自分が狙う層に向けてやっていかないと、結局ぼやけていいものが作れない


大山:青木真也vs秋山成勲戦ってところは格闘技ファンみんな期待しているところだけど、この因縁の試合を青木選手はどう感じていますか?

青木:試合としてはあまりおもしろくならないですよ。だって、僕が勝ちますから。40後半の人と、まだトップ戦線張れる人じゃ明らかじゃないですか。ただ、注目されたりとか、キャッチーな試合であることは確かですよね。盛り上がるならやればいいんじゃないかなという使命は感じます。けれど、単純な競技者としてもう一歩上に行けるのかってなると、違った相手になってきますよね。
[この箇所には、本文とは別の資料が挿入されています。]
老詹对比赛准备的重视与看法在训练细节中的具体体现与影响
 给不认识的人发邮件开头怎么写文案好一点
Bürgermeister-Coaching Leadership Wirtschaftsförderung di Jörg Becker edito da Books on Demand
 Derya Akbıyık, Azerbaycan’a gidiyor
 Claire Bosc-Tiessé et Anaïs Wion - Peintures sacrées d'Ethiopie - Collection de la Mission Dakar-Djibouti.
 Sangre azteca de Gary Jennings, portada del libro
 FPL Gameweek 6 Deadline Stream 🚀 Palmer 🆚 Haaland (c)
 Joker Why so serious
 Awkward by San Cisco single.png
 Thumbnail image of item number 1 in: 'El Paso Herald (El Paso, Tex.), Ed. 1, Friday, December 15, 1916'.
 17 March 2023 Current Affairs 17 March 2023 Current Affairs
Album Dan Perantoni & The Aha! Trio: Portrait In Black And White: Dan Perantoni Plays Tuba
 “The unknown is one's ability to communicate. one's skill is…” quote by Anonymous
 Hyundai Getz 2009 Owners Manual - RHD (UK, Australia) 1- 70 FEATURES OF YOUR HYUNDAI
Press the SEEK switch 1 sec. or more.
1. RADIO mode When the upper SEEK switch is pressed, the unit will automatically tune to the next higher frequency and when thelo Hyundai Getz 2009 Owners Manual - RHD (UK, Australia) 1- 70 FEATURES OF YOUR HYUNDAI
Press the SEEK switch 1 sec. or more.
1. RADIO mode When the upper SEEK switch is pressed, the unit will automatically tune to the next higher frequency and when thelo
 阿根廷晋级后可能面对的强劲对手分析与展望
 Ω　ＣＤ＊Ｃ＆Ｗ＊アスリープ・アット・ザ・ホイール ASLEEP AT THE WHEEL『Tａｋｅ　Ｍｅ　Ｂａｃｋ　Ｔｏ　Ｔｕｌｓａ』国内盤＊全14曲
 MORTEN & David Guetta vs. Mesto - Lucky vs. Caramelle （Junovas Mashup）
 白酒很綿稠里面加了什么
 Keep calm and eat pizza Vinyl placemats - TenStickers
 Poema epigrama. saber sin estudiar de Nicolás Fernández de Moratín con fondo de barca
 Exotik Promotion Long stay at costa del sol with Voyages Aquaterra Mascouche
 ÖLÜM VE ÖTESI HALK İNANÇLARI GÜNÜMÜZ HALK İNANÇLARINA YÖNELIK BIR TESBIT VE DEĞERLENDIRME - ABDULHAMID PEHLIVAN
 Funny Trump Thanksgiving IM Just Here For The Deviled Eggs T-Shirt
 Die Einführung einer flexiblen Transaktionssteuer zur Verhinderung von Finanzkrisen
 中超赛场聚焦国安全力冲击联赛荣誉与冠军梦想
大山:2021年10月の「Road to ONE」では、青木選手が秋山選手をマイクで挑発する場面があったけど、一格闘技ファンとして純粋にすごいなって思いましたよ。秋山選手とのやりとりがすごくよかったんですよ。しびれましたね。格闘技の選手ってマイクがうまいイメージがそんなにないけど、青木選手はずっとそれをやり込んできているから、さすがだなって。

青木:格闘技のマイクで、一人で完結した素晴らしいマイクは過去に色々あるけど、一人でやるマイクはそんなに難しくないんですよ。ある程度自分の言いたいことを伝えることはできますし。ただ、二人でやる場合、難しいです。相手の空気によって、どのくらいの尺で終わらせて去るかが重要で、ダラダラしちゃダメなんで。インパクトだったり間合いだったり、難しいですけどね。まさに総合格闘技ですよ。

大山:青木選手の言葉、特に過激な発言とかは一人歩きしちゃいがちだけど、その言葉の後ろ側には、青木選手のクリエーターとしてもっと格闘技を盛り上げたいって思いだったり、優しさだったりを感じるんですよ。

青木:自分の商売が何万人、何百万人を相手にしていると思っていないし、メジャーになりたいとも有名になりたいとも思っていないですから。自分の客がいて、そこに対していいモノをしっかり作って、それで成り立っているものがあるんですよ。場末のスナックみたいな感じで、それでいいと思っています。ずっとそんなことやっていると過疎が進んで限界集落になるって言う人がいるけど、そんなに長くまで生きないし、やってないから。だからやっぱり、自分が作りたいものを、自分が「ここだ!」って思う層に狙ってやっていかないと、結局ぼやけていいものが作れないですよね。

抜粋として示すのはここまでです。